Your assignment: Could you give back exactly the lines below from the one with "Casa à venda" through the one with "F75C00FC-8E25-4F88-9776-CF97260FD9A3", without a single picture?

----- Records for this task

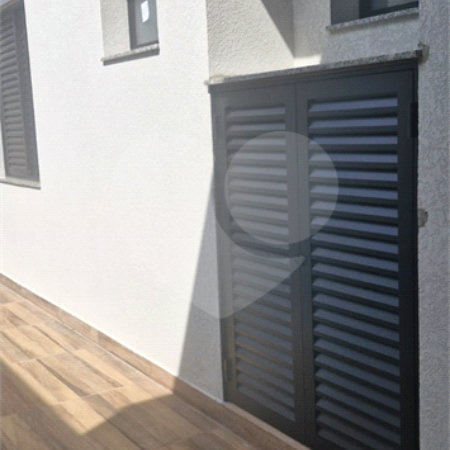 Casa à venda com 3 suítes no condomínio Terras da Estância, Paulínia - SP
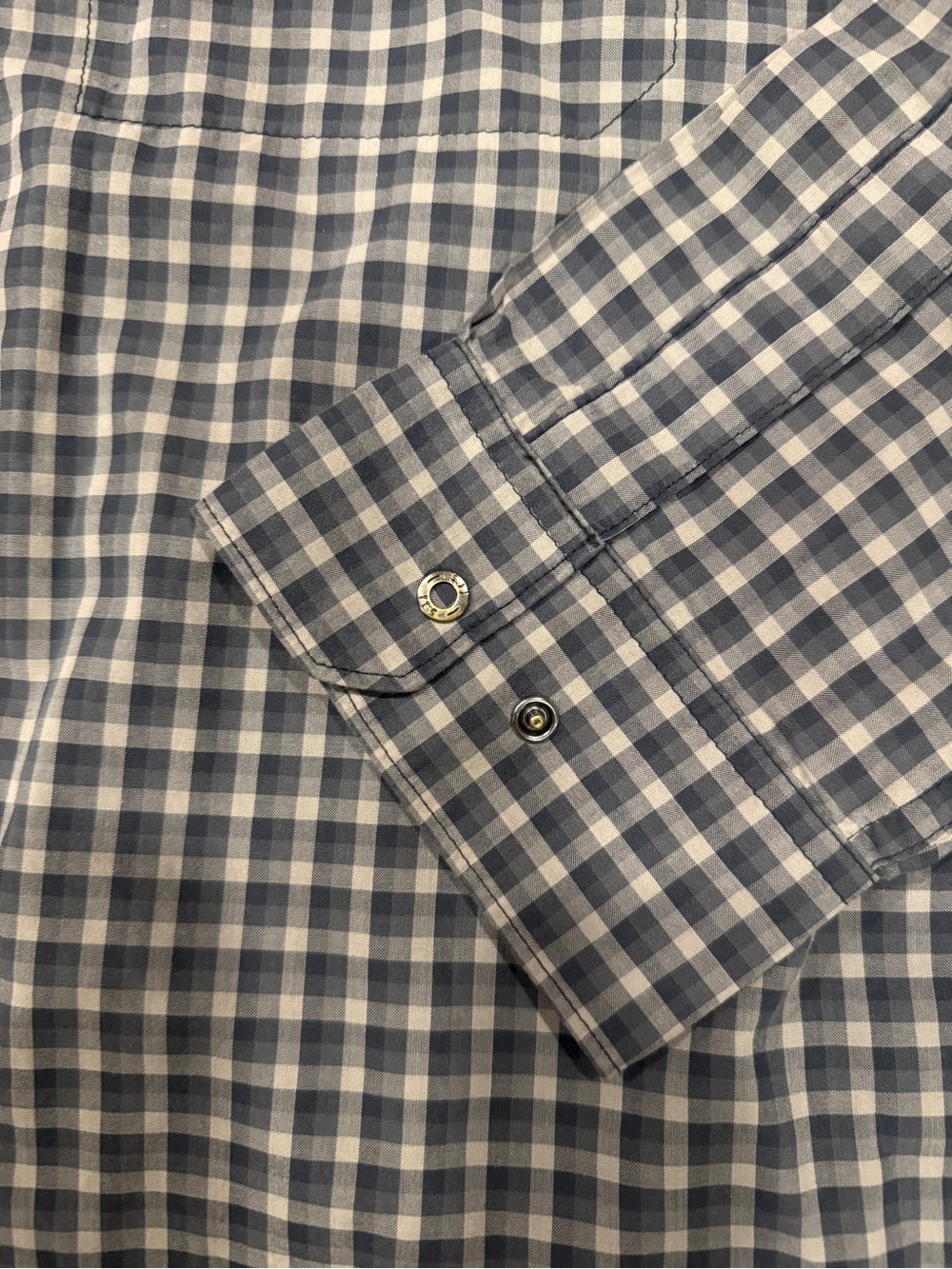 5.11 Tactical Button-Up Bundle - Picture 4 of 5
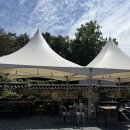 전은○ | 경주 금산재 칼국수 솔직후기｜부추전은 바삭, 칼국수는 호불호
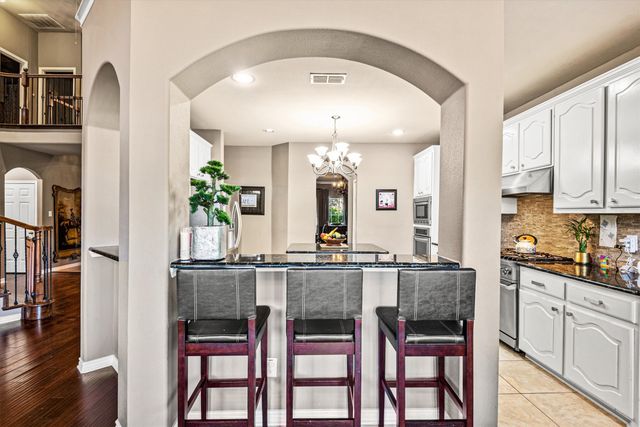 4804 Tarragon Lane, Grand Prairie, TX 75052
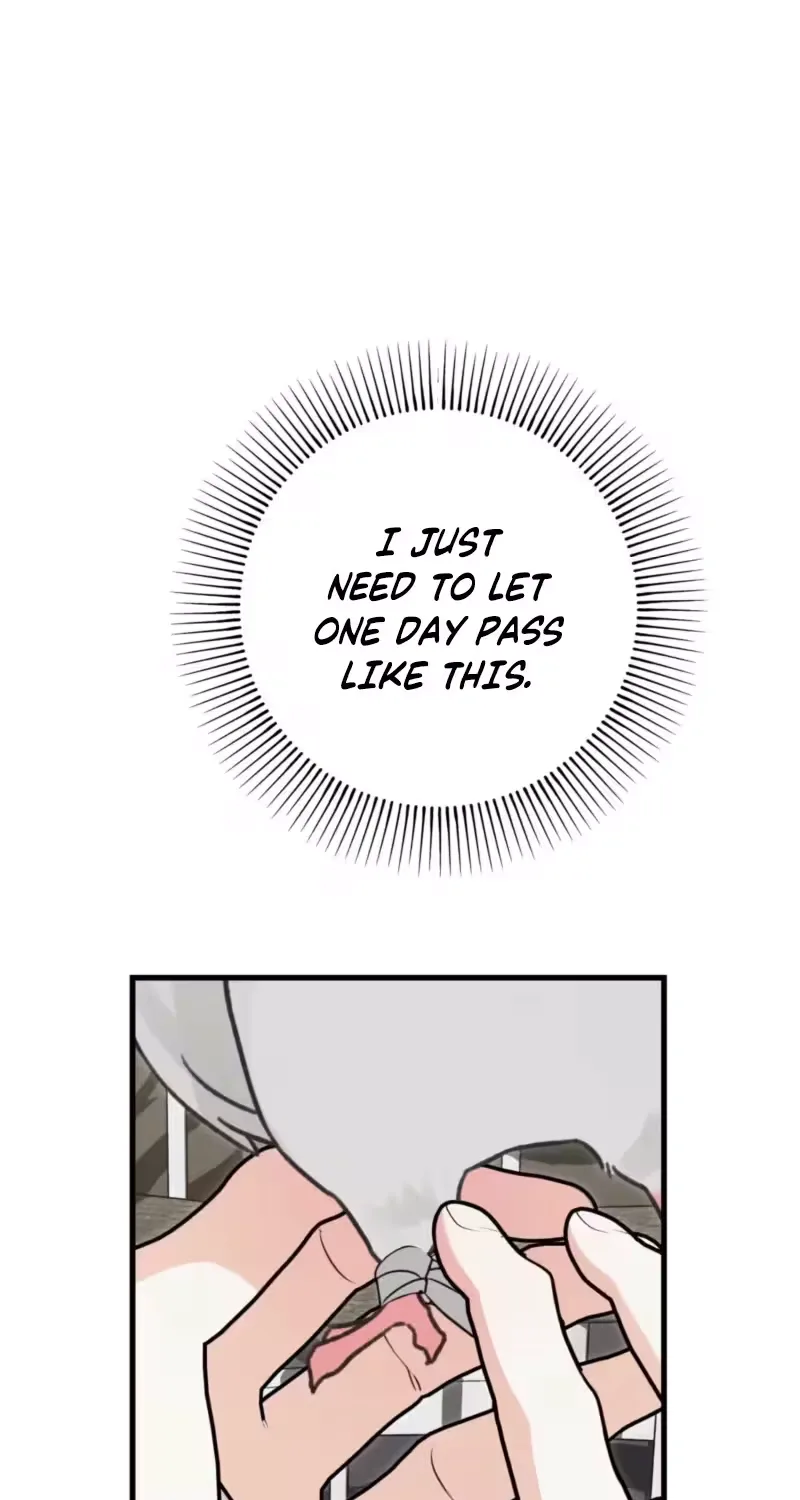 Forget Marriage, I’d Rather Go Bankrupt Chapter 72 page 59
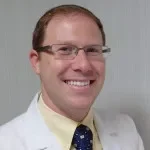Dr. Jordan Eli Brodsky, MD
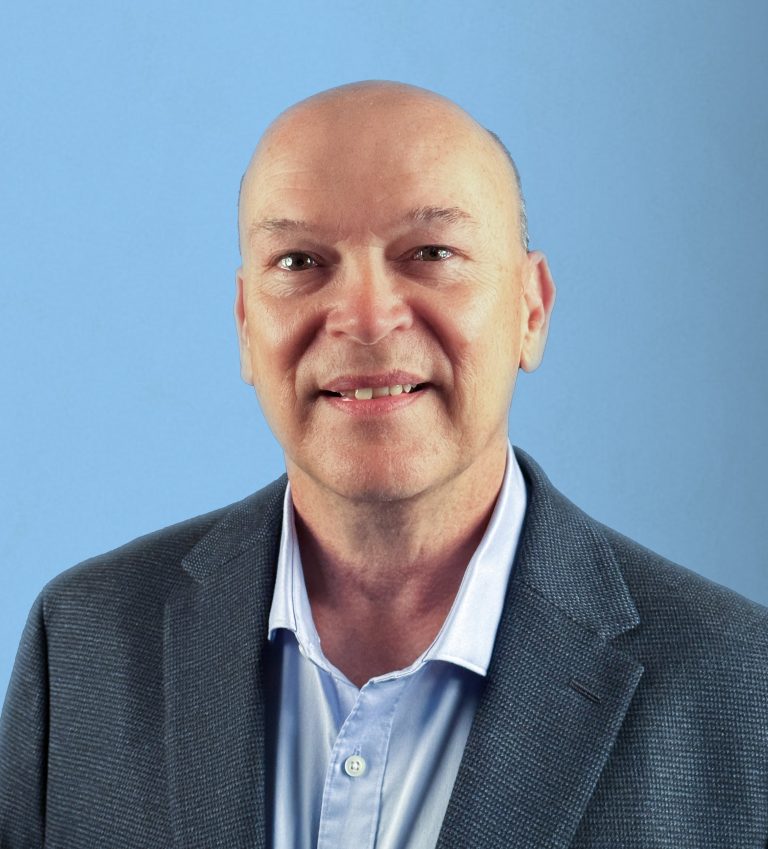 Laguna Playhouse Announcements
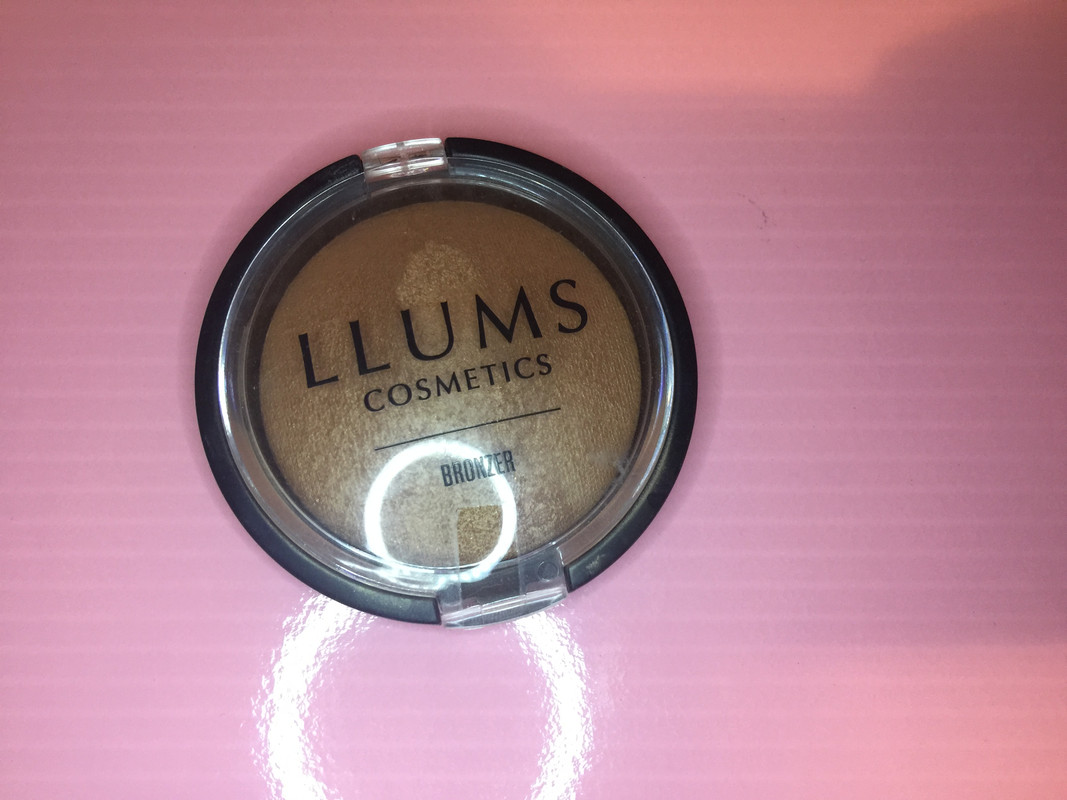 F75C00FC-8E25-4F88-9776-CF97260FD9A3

----------
----- Records for this task

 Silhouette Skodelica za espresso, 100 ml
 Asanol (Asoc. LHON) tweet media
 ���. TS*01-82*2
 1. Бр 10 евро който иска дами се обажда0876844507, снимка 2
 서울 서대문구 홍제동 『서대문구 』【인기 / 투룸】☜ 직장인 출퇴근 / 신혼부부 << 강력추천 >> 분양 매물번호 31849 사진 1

----------

Output below:
 Casa à venda com 3 suítes no condomínio Terras da Estância, Paulínia - SP
 5.11 Tactical Button-Up Bundle - Picture 4 of 5
 전은○ | 경주 금산재 칼국수 솔직후기｜부추전은 바삭, 칼국수는 호불호
 4804 Tarragon Lane, Grand Prairie, TX 75052
 Forget Marriage, I’d Rather Go Bankrupt Chapter 72 page 59
Dr. Jordan Eli Brodsky, MD
 Laguna Playhouse Announcements
 F75C00FC-8E25-4F88-9776-CF97260FD9A3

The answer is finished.